The problem:
As the answer, set down the lines below from the one containing "Yesjulz photo 387" through the one containing "Master the Cat", exactly and inclusively, and no others.

Material provided START

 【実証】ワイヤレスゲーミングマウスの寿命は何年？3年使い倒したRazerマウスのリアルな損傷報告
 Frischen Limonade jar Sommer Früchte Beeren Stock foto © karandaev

Material provided END
Material provided START

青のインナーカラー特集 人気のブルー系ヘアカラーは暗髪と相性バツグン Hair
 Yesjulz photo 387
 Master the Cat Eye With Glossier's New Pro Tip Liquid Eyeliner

Material provided END

Response for this exercise:
 Yesjulz photo 387
 Master the Cat Eye With Glossier's New Pro Tip Liquid Eyeliner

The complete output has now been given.